Entering by the back way, she tapped softly with the key at one of the cell-doors, and listened. There was no sound within: so she coughed and listened again. Still there was no reply: so she spoke.
‘Nolly, dear?’ murmured Nancy in a gentle voice; ‘Nolly?’
There was nobody inside but a miserable shoeless criminal, who had been taken up for playing the flute, and who, the offence against society having been clearly proved, had been very properly committed by Mr. Fang to the House of Correction for one month; with the appropriate and amusing remark that since he had so much breath to spare, it would be more wholesomely expended on the treadmill than in a musical instrument. He made no answer: being occupied mentally bewailing the loss of the flute, which had been confiscated for the use of the county: so Nancy passed on to the next cell, and knocked there.

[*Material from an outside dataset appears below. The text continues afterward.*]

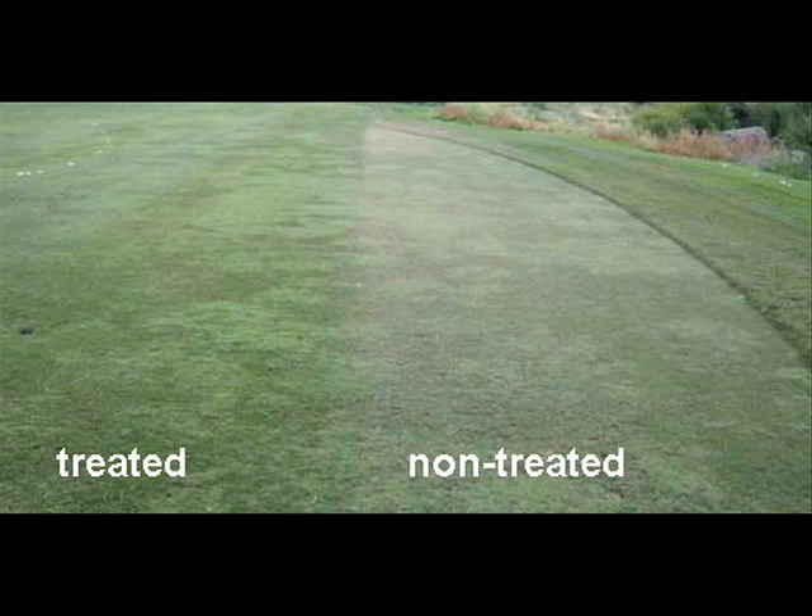Insecticides are rarely necessary with Fritflies, but every once in a while high populations of Fritfly maggots can trigger treatment. In this photo, the superintendent treated the area on the left with a combination of Talstar, which is bifenthrin, and Merit, which is imidacloprid, with good results. The Talstar knocked down the adult Fritflies and the Merit targeted the maggots systemically.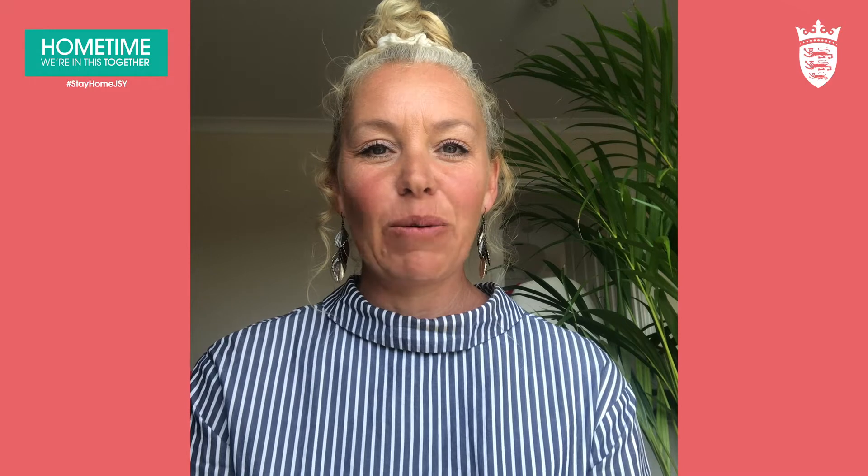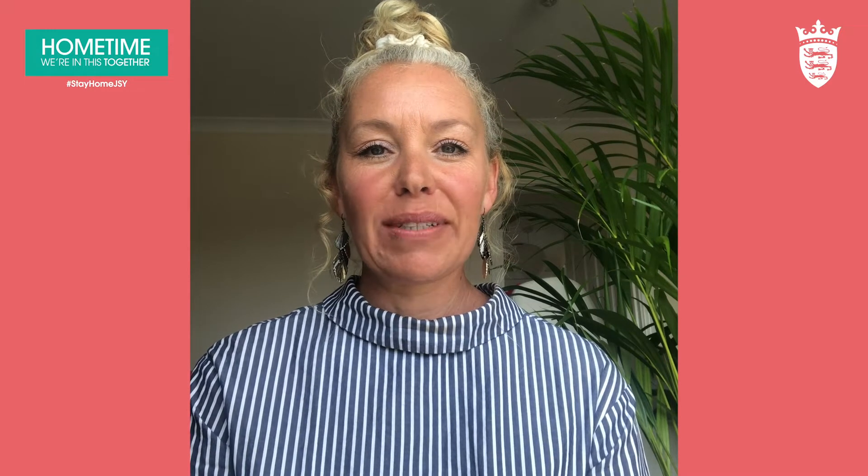Hi everybody, my name is Lorna and I work with Dan and Luke at Awareful, and I'm here to share with you a short 10-minute meditation practice.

‘Well!’ cried a faint and feeble voice.
‘Is there a little boy here?’ inquired Nancy, with a preliminary sob.
‘No,’ replied the voice; ‘God forbid.’
This was a vagrant of sixty-five, who was going to prison for not playing the flute; or, in other words, for begging in the streets, and doing nothing for his livelihood. In the next cell was another man, who was going to the same prison for hawking tin saucepans without license; thereby doing something for his living, in defiance of the Stamp-office.
But, as neither of these criminals answered to the name of Oliver, or knew anything about him, Nancy made straight up to the bluff officer in the striped waistcoat; and with the most piteous wailings and lamentations, rendered more piteous by a prompt and efficient use of the street-door key and the little basket, demanded her own dear brother.
‘I haven’t got him, my dear,’ said the old man.
‘Where is he?’ screamed Nancy, in a distracted manner.
‘Why, the gentleman’s got him,’ replied the officer.
‘What gentleman! Oh, gracious heavens! What gentleman?’ exclaimed Nancy.
In reply to this incoherent questioning, the old man informed the deeply affected sister that Oliver had been taken ill in the office, and discharged in consequence of a witness having proved the robbery to have been committed by another boy, not in custody; and that the prosecutor had carried him away, in an insensible condition, to his own residence: of and concerning which, all the informant knew was, that it was somewhere in Pentonville, he having heard that word mentioned in the directions to the coachman.